Normal Distribution

Basics of Probability

  • Definition of Probability: The chance of an event occurring, represented as a proportion between 0 and 1, or as a percentage from 0% to 100%.

    • Example: Probability of rain or a cyclone.

  • Importance of Probability: Often, we cannot gather data from an entire population, so we rely on samples to represent the larger group. Understanding probability distributions is fundamental in statistical analysis.

Probability Distribution and Normal Distribution

  • Probability Distributions: Used to represent the likelihood of occurrences of different outcomes. These can be either theoretical or empirical.

  • Normal Distribution: A specific type of distribution that is symmetric and bell-shaped. Characteristics include:

    • One peak (mode) at the center.

    • Symmetric bell shaped Mean, median, and mode are equal. Half scores lie below the curve and half above the curve.

    • Total area under the curve equals 1 (or 100%)

  • Assumptions: Many statistical tests assume that collected data fits a normal distribution.

Calculating Probability

  • Probability Formula:

    • Probability = (Number of favorable outcomes) / (Total number of possible outcomes)

    • Example: Tossing a coin has a probability of getting heads or tails as 0.5 or 50%.
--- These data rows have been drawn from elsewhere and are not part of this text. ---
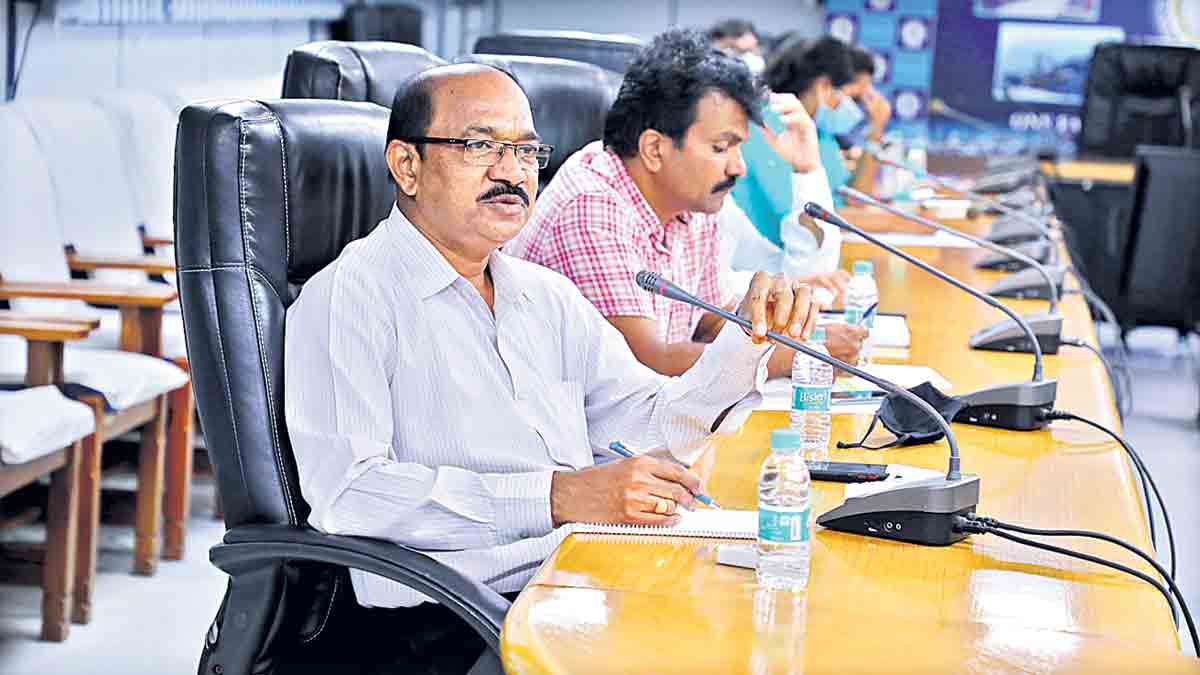 సింగరేణిలో ఎస్‌ఏసీ ద్వారా బిల్లులు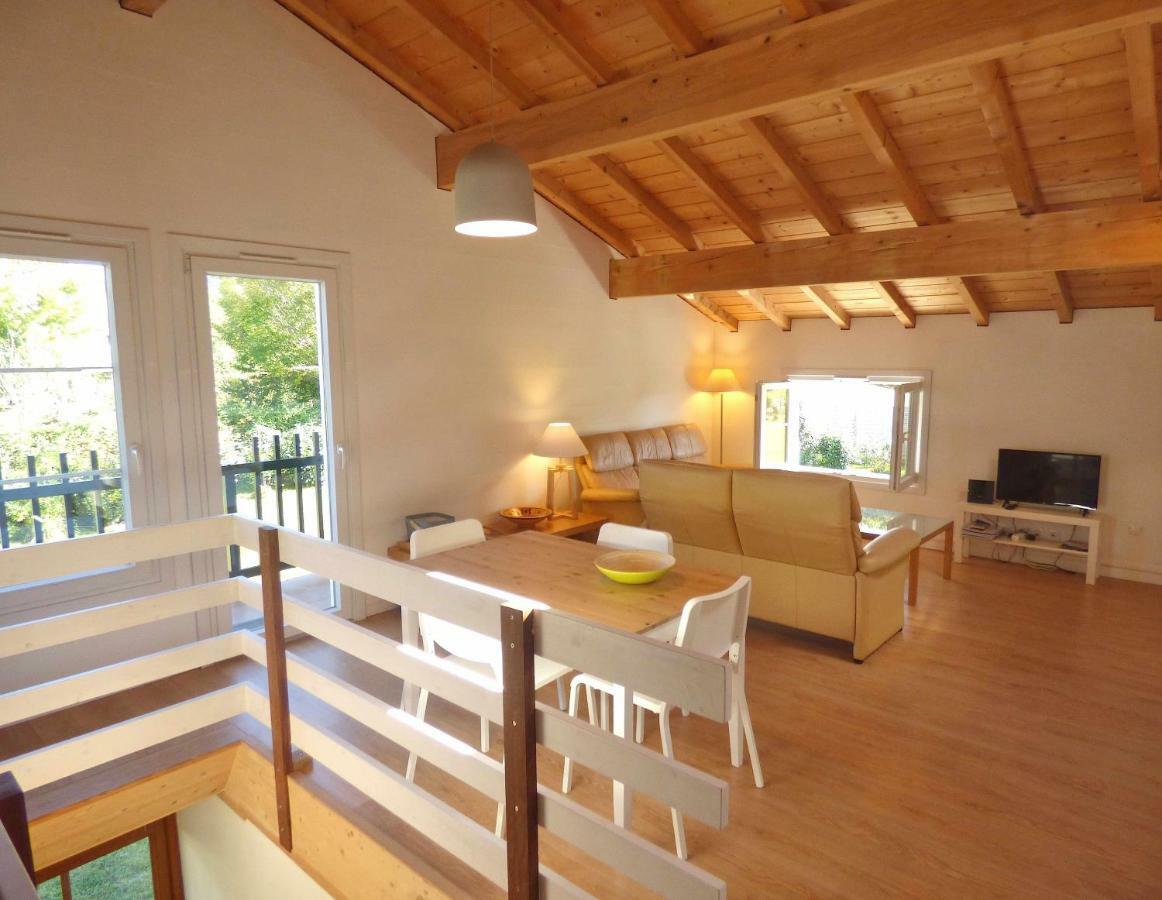 Maison Ihi-Toki - Apartamento Planta Baja T2 40M2 - Apartamento Planta Alta T3 54M2 Saint-Pée-sur-Nivelle Eksteriør bilde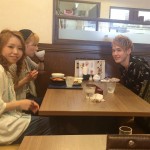 affectのアシスタントは頻繁に移動(転勤?)があるんです!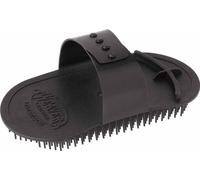Weaver Cuir Brosse de Massage, 69-6005-BK, Noir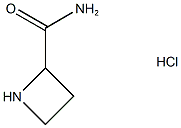 azetidine-2-carboxamide hcl结构式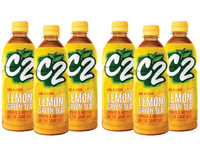 C2 Lemon Green Tea 500 ml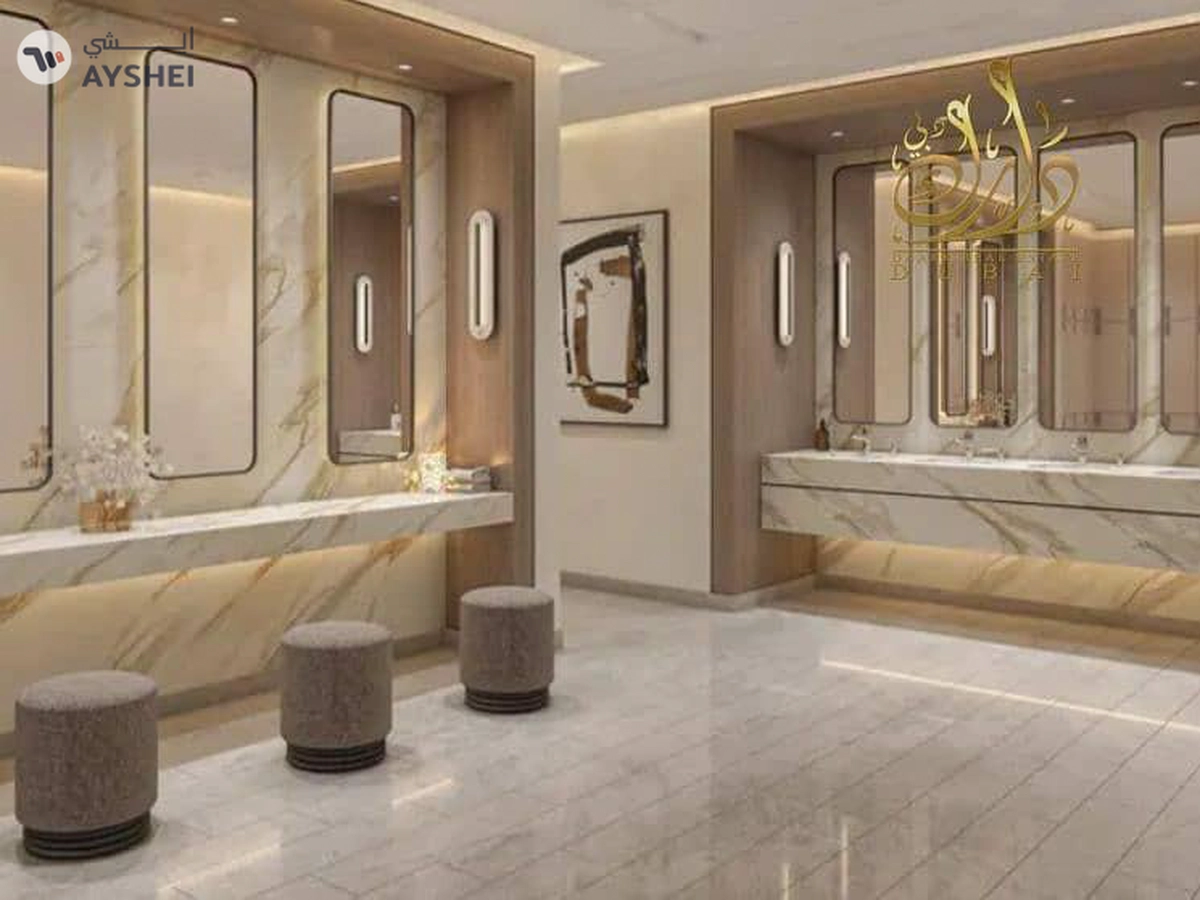 WATERFRONT LIVING | LUXURY | HIGH CAPITAL APPARITION | HAND OVER 2025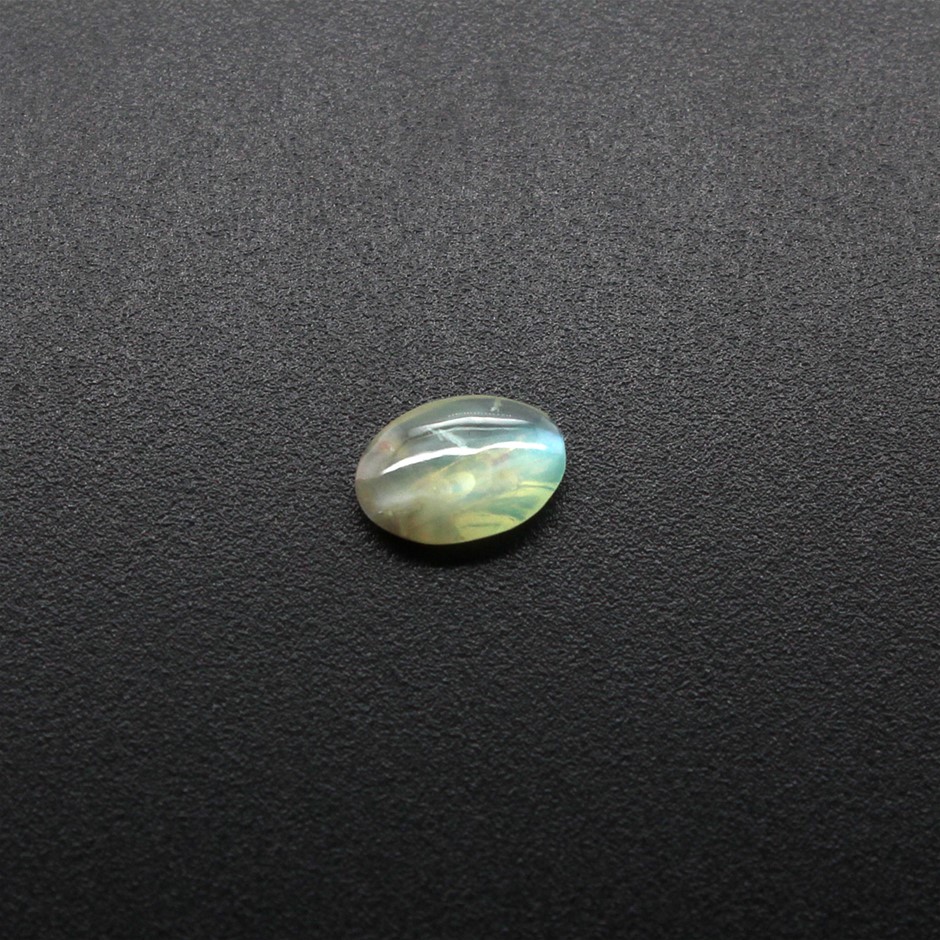 0.57 Ct Chrysoberyl Cat's Eye
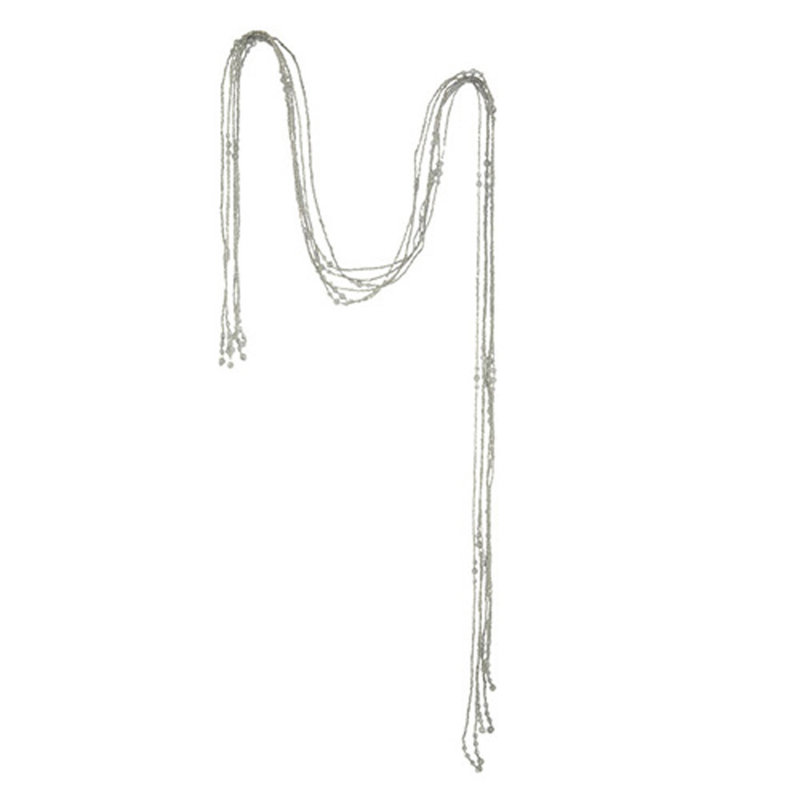 Guirlande de perles scintillantes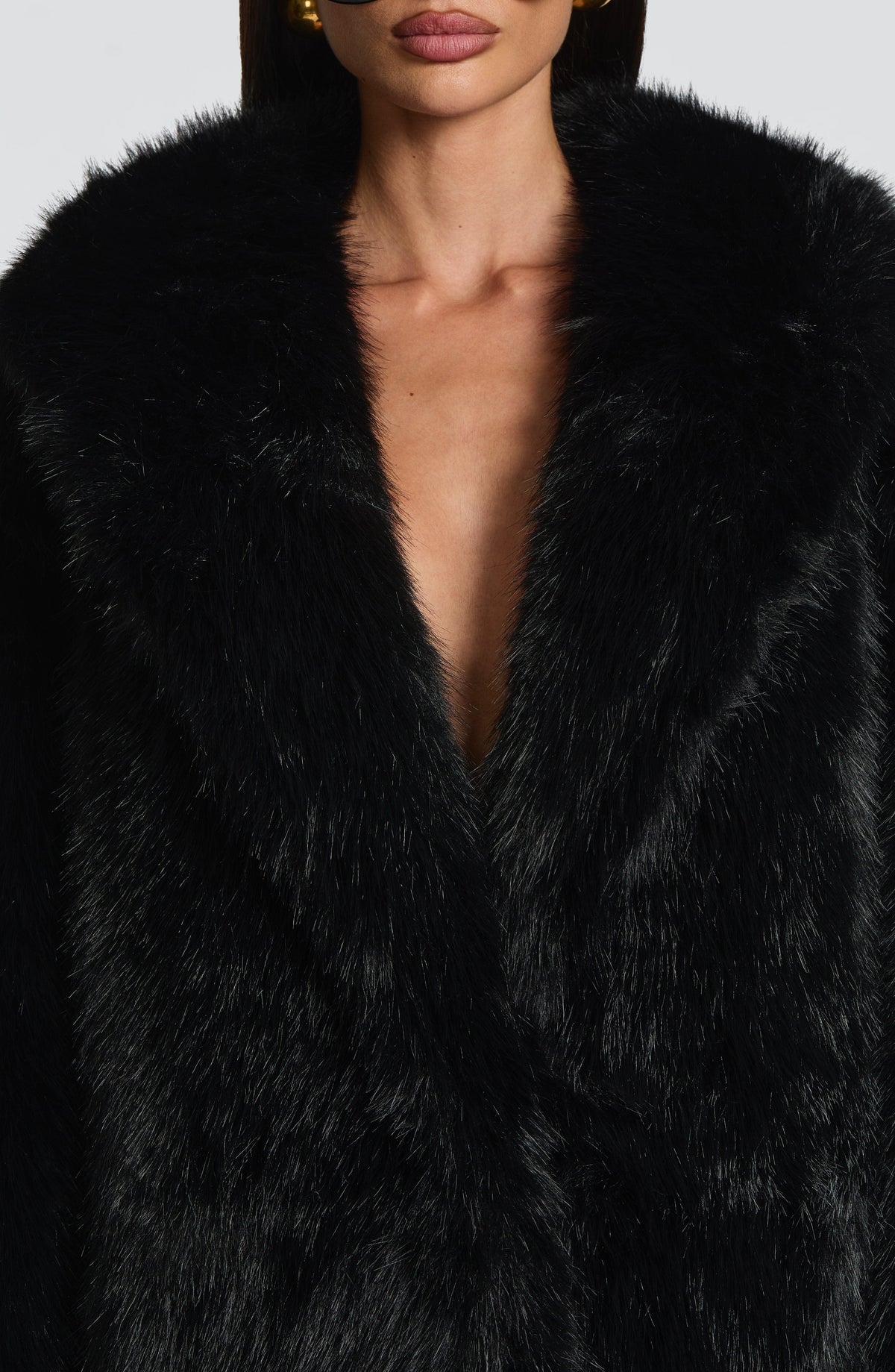 Willow Coat - Black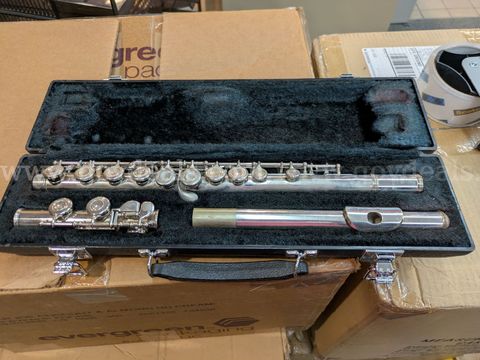 Used Yamaha Flute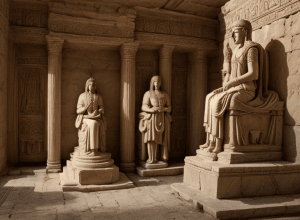 Загадки и тайны древних цивилизаций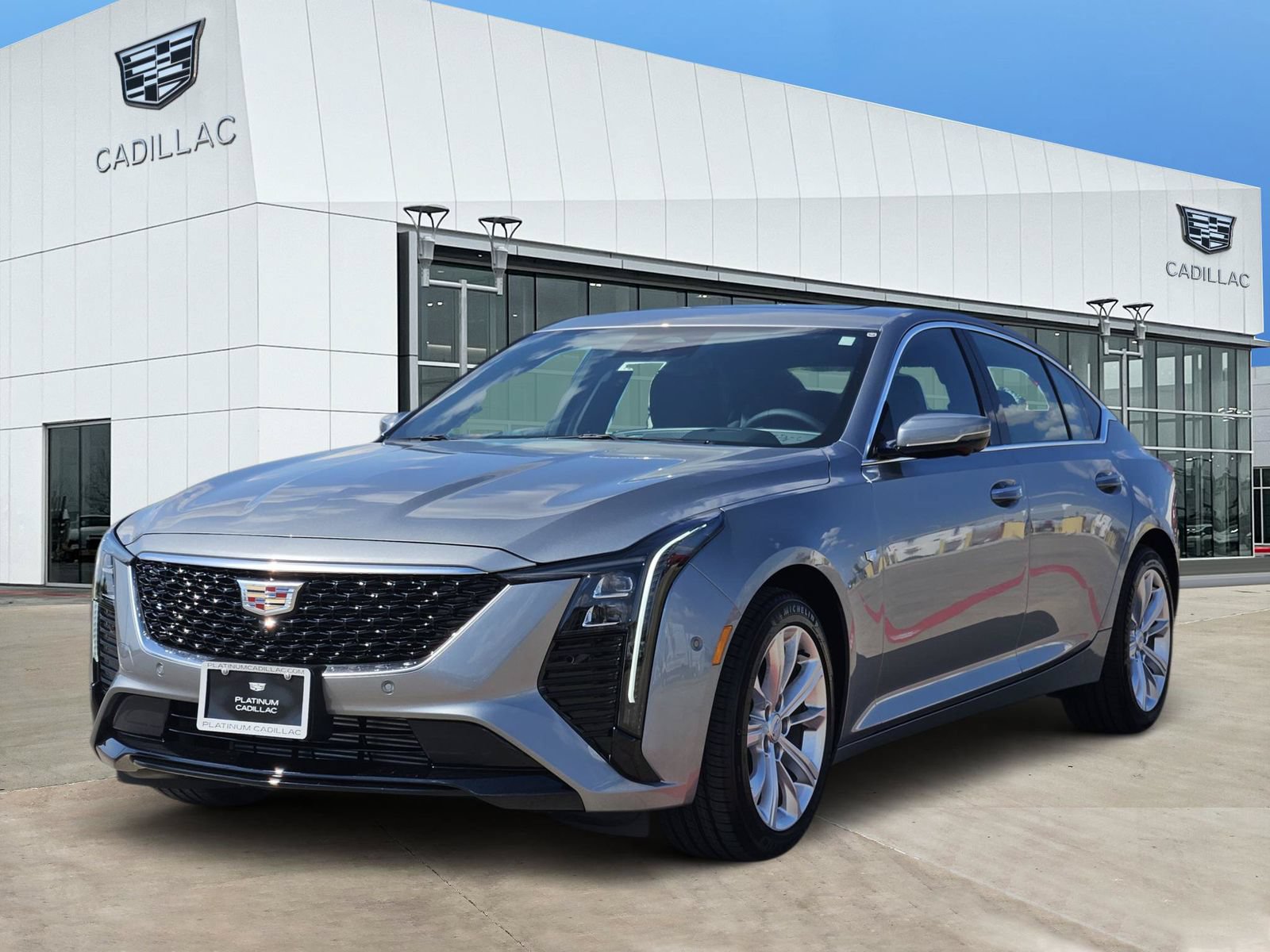 New 2026 Cadillac CT5 Premium Luxury RWD video 2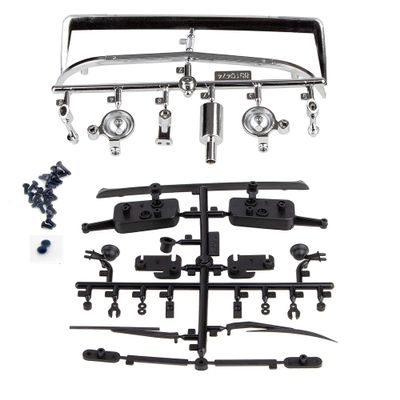 Team Associated Apex2 Sport, Datsun 240Z Body Accessories, ASC31907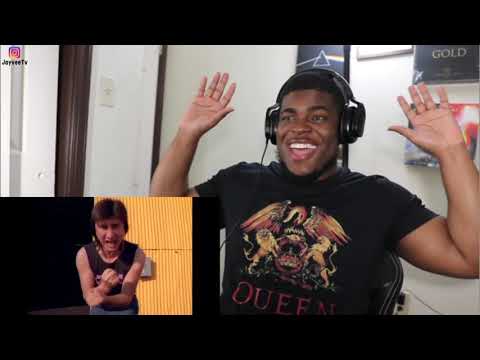 Journey - Separate Ways (Worlds Apart) (Official Video) REACTION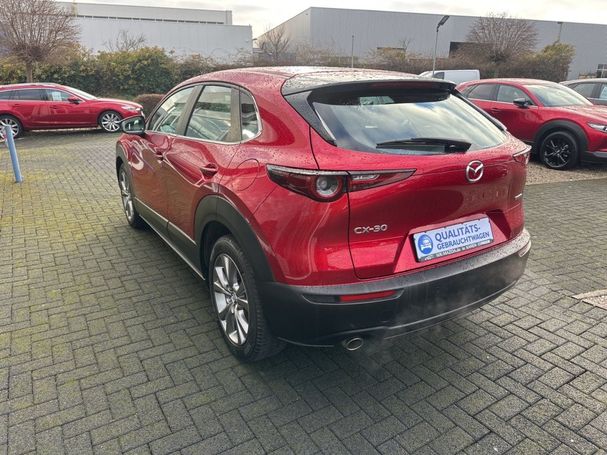 Mazda CX-30 SKYACTIV-G 2.0 SELECTION 90 kW image number 5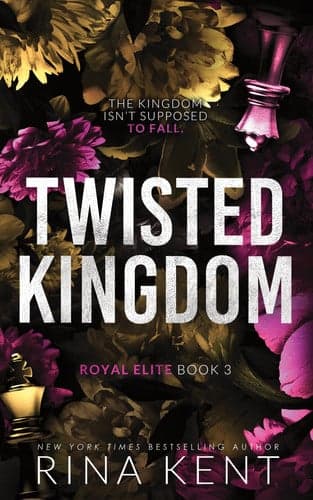 Cover of Twisted Kingdom (Standard Edition)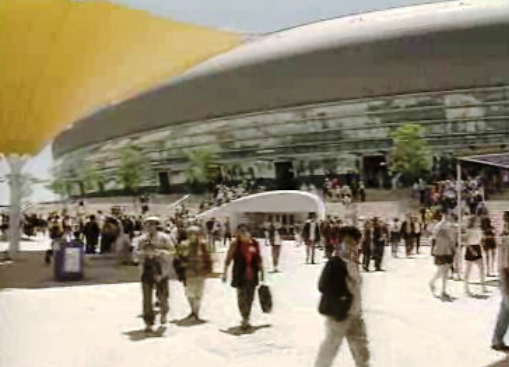 Dois meses de Expo 98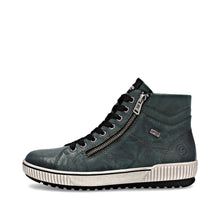 Load image into Gallery viewer, Remonte Green Ankle Boot|D077254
    • Example: Rolling a die, probability of landing on a 4 is 1 out of 6, or approximately 16.7%. Rival

Empirical distribution - distribution based on data

Probability distribution- based on theory and specified by mathematical formula/function

  • used to calculate theoretical probability

  • Exists for both continuous and categorical data

Z Scores

  • Z Scores: Measures how many standard deviations an element is from the mean. Calculation is:

    • Z = (Observed score - Mean) / Standard deviation

  • Purpose: Z scores help in standardizing scores from different distributions for comparison. A Z score of +1 means one standard deviation above the mean, while -1 means one standard deviation below.

  • Without a-score, we cannot answer questions until we find the average mark and SD

Characteristics of Normal Distribution

  • The bell shape of normal distribution illustrates that:

    • 68.3% of data lies within one standard deviation from the mean.

    • 95.4% lies within two standard deviations.

    • 99.7% lies within three standard deviations.

  • Example: Sampling IQs from a population where the mean is 100 and standard deviation is 15.

    • 68% of scores will be between 85 to 115 (mean ± 15).

    • 95% will be between 70 to 130 (mean ± 30).

    • 99% will be between 55 to 145 (mean ± 45).

Testing for Normality

  • Eight methods to assess normality:

    1. Comparing means, medians, and modes.

      • In a normal distribution, they should be very close.

    2. Skewness and Kurtosis.

      • Both should be approximately 0 for normal distribution.

        - both zero

        - within plus minus 1.96

    3. Shapiro-Wilk Test.

      • Tests if the sample comes from a normally distributed population; significance <0.05 indicates violation of normality.

    4. Histograms.

      • Visual representation; should appear symmetric for normal distribution.

    5. Box Plots.

      • Useful for visualizing median and identifying outliers.

    6. Normal Probability Plots.

      • Points cluster close to a straight line if data is normal.

    7. Detrended QQ Plot.

      • Should show similar distribution of points above and below a central line.

    8. Empirical Rule (68-95-99.7 Rule).

    9. Stem and Leaf

Applying Z Scores and Normal Distribution

  • Example scenarios:

    • If average weight in a population is 65kg with a standard deviation of 5kg, approximately 68% will weigh between 60kg to 70kg (one standard deviation).

    • For two standard deviations, weight will range between 55kg to 75kg with about 95% of the population falling within this range.

Conclusion

  • When assessing for normality, all eight methods must be examined together to draw a final conclusion about the sample data distribution.

  • SPSS can be utilized for visualizing these distributions and conducting the necessary tests for interpretation.